Once you look past the "wizards and knights in space with lazors" thing and look at the (extremely geeky speculation on) the technological capabilities, the Star Wars galaxy shows its true nature as an extremely powerful Kardashev scale III civilisation.
If I would start a kickstarter project for an "Shuttle-derived Asteroid defense vessel", how many people would only laugh and how many would actually read the concept?
I think part of the problem is that jokes like this reduce the legitimacy, in the eyes of the community, of realistic, if ambitious, projects.
As Stephen Hawking said, based on the previous interactions between the more advanced and the less advanced civilizations, the prospect of us, meeting another much more advanced alien race and interact peacefully is worryingly slim.

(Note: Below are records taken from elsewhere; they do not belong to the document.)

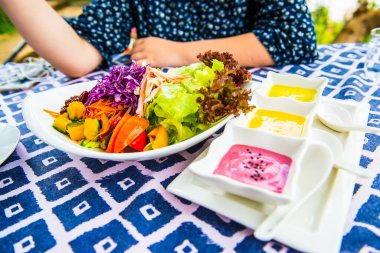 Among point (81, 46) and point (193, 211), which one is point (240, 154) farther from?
point (81, 46)

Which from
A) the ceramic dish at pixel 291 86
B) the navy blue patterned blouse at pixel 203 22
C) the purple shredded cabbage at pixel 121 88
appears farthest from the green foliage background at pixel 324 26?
the purple shredded cabbage at pixel 121 88

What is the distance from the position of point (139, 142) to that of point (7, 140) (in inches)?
18.2

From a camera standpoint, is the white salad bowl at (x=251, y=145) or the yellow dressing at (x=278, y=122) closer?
the white salad bowl at (x=251, y=145)

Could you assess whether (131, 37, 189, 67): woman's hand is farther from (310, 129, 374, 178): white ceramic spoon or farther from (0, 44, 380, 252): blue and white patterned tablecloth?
(310, 129, 374, 178): white ceramic spoon

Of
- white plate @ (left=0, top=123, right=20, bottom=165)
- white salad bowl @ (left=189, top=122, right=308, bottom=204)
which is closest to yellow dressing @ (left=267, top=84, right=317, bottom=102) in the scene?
white salad bowl @ (left=189, top=122, right=308, bottom=204)

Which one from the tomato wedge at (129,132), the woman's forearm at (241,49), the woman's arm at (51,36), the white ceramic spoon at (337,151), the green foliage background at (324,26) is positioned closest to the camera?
the white ceramic spoon at (337,151)

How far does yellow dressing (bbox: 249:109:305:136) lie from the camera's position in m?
0.81

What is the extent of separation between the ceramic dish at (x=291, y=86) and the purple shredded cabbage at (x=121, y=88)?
1.27 feet

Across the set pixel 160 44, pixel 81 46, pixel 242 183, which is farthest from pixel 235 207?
pixel 81 46

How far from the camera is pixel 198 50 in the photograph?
59.1 inches

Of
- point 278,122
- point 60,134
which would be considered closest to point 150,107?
point 60,134

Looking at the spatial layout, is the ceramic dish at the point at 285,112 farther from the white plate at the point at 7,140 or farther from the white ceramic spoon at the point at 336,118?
the white plate at the point at 7,140

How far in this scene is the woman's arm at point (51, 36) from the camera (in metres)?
1.29

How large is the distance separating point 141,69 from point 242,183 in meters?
0.58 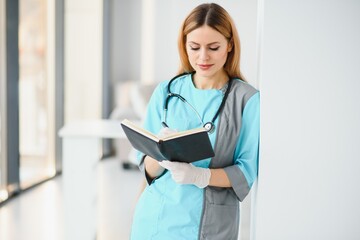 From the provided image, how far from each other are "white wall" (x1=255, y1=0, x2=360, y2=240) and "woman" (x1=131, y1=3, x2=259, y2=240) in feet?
0.35

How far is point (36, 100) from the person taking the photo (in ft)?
12.9

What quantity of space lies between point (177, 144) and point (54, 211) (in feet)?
7.10

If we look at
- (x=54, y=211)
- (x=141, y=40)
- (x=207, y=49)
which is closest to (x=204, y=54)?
(x=207, y=49)

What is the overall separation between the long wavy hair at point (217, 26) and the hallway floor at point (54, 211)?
1510mm

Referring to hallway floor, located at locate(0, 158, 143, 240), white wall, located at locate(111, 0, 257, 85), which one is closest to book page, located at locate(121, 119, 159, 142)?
hallway floor, located at locate(0, 158, 143, 240)

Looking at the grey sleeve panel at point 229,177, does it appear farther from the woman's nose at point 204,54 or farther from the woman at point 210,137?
the woman's nose at point 204,54

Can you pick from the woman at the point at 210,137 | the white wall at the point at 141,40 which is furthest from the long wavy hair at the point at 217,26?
the white wall at the point at 141,40

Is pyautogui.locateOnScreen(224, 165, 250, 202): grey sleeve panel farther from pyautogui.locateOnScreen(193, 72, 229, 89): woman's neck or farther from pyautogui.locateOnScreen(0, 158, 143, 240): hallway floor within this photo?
pyautogui.locateOnScreen(0, 158, 143, 240): hallway floor

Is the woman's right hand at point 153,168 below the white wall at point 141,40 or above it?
below

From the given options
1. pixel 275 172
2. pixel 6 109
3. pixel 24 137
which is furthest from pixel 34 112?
pixel 275 172

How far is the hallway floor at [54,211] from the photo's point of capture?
8.02 feet

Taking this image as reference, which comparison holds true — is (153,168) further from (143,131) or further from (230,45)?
(230,45)

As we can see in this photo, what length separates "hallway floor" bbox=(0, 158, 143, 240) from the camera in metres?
2.44

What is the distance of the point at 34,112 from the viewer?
3.93 metres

That's an overly cliche view, though. Consider India; it has over a million people in its military, a military with modern equipment, aircraft carriers and nuclear weapons. India has a claim on North Sentinel Island, which is populated by the Sentinelese people; a population of perhaps 300, who reject contact with outsiders and are one of the last remaining uncontacted people on Earth. Their technology is stone-age.
India could roll over those islands with impunity, and conquer them without losing a single person. They could destroy every living thing there and reduce the landscape to rubble, but they don't. The idea that a technologically advanced party in a contact scenario would invariably act like conquistadores is, ultimately, absurd.